START Source information

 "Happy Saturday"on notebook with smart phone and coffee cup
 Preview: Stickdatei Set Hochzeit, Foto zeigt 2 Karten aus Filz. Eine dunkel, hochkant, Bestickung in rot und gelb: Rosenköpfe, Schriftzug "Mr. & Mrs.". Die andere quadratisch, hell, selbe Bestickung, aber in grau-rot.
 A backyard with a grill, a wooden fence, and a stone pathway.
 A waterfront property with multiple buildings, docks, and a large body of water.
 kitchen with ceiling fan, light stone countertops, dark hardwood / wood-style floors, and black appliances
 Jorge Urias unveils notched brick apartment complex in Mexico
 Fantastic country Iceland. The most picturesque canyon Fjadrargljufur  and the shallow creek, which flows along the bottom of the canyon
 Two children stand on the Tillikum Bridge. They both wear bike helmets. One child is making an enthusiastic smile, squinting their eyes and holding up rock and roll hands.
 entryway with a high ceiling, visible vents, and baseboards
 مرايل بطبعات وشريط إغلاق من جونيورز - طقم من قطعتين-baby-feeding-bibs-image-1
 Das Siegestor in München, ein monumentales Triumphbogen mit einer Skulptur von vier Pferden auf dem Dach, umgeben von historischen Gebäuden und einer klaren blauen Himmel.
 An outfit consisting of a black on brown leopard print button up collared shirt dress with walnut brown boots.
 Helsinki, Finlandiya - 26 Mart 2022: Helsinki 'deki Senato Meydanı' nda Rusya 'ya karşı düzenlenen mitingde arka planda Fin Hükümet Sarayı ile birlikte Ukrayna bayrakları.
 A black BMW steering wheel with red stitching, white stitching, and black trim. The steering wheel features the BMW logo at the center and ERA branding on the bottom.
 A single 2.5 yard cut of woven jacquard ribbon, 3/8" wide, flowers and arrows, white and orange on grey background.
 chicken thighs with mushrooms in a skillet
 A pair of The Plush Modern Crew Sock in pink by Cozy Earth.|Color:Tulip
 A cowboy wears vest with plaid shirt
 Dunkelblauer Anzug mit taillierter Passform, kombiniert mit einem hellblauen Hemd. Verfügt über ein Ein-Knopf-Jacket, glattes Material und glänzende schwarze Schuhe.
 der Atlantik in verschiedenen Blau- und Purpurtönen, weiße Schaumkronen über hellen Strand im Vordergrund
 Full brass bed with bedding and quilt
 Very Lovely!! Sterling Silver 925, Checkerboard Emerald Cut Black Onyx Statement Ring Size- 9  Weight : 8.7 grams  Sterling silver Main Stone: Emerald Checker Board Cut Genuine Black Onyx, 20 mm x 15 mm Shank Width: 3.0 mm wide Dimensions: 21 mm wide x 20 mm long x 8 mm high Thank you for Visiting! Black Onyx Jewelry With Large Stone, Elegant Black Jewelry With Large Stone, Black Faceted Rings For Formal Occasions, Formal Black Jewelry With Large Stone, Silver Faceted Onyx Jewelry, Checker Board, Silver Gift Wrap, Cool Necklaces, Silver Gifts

END Source information

● **Directions for this task**
Check each line above for the string "bottom", then copy the ones that have it.

● **Answer**
 Fantastic country Iceland. The most picturesque canyon Fjadrargljufur  and the shallow creek, which flows along the bottom of the canyon
 A black BMW steering wheel with red stitching, white stitching, and black trim. The steering wheel features the BMW logo at the center and ERA branding on the bottom.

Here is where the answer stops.